Another way to put it: how old was your father when you were born? Although I'm more interested in the male part of the couple, you can reply with any kind of family you think of (like two mothers, single mother/father, early divorce and monoparental upbringing...).

We take 42 years between my father and I.


----------



## Taggart (Feb 14, 2013)

My grandfather was born in 1872, my father in 1911 and I was born in 1949.


----------



## Manxfeeder (Oct 19, 2010)

Mine was 30. My sister came first, and they had to spend two years taming her before I came to make sure I had a chance.


----------



## Klassik (Mar 14, 2017)

My father was 56 when I was born. Who said life ends after 50? :devil:


----------



## Art Rock (Nov 28, 2009)

Both parents were 29. I was the second (and final) child, my brother was born 7 years earlier.


----------



## elgar's ghost (Aug 8, 2010)

Dad was 41, Mum was 39. I never asked either of them if I was unplanned bearing in mind how old they were heh heh… It was a bit weird having two older siblings who were virtually a whole generation older than I was.


----------



## Ingélou (Feb 10, 2013)

It's easy for me to answer. My father and mother were born on exactly the same date in the same year. They were 30 going on 31 when I was born, and had three children already, as they married when aged twenty. They went on to have two more children, the last - my youngest brother - being born on the day after my father/mother turned 37. 
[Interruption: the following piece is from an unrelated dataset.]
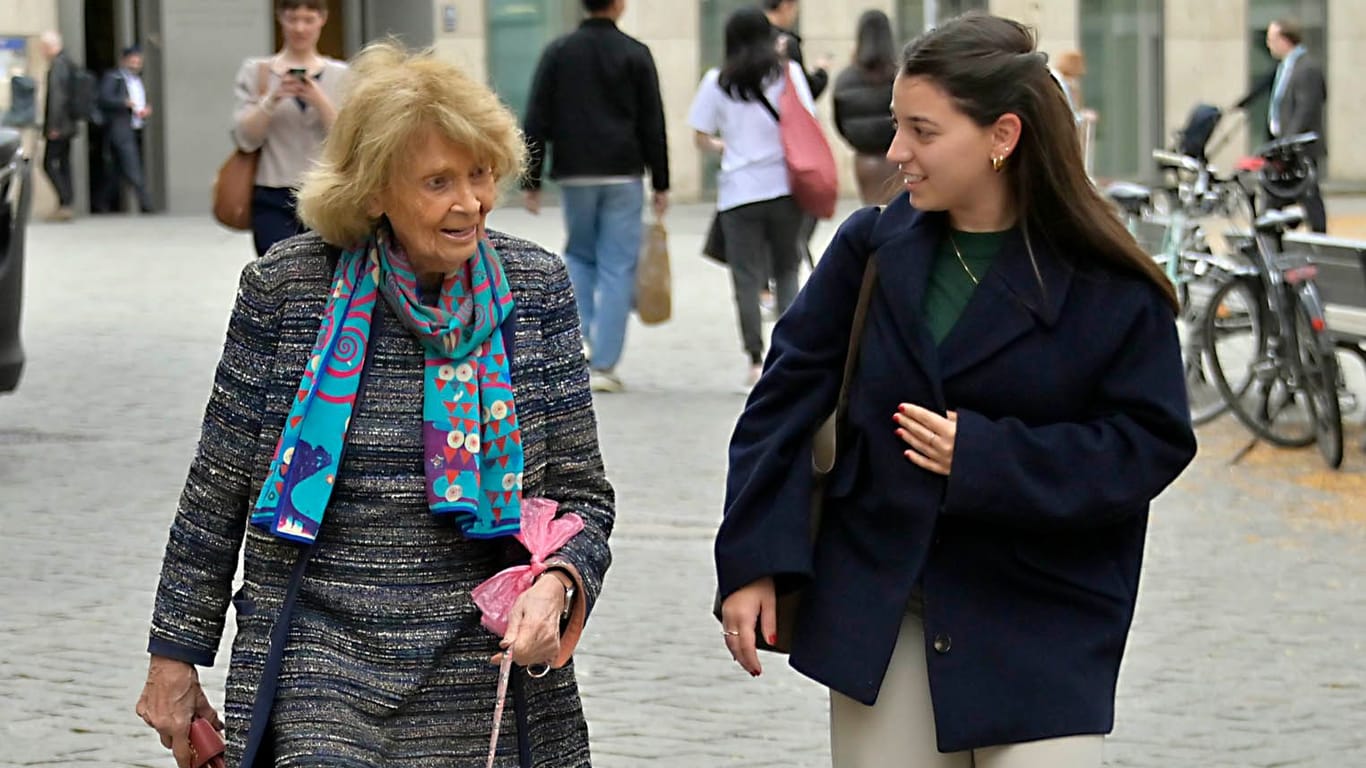 Die Holocaust-Überlebende Charlotte Knobloch bei einem Spaziergang durch München.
Mum would have liked even more children. When we asked her, though, she would never say which of us six were 'planned' and which took her by surprise. Wise woman. :kiss:


----------



## Tristan (Jan 5, 2013)

My parents are 1 year apart. My dad was born in 1963, my mom in 1964. They were 28 and 27 when they married, 30 and 29 when my sister was born, and 33 and 32 when I was born in 1996.


----------



## Klassik (Mar 14, 2017)

elgars ghost said:


> Dad was 41, Mum was 39. I never asked either of them if I was unplanned bearing in mind how old they were heh heh… It was a bit weird having two older siblings who were virtually a whole generation older than I was.


I have a long-lost half-brother who is around 30 years older than I am. I think he lives in Poland now. :lol:


----------



## SixFootScowl (Oct 17, 2011)

My father was 44 and my mother was 34 when I was born.


I was 36 when my son was born (wife 34).


----------



## senza sordino (Oct 20, 2013)

My father was 22, my mother was 20 when I was born. I'm now in my early fifties, they're in their early seventies. I think we'll all end up in an old folks together. 

I'm the first born, but both of my parents are the youngest siblings in their family. I think my Grandfather was 33 when my father was born.


----------



## chill782002 (Jan 12, 2017)

My father was born in 1947, my mother in 1952 and myself in 1974.


----------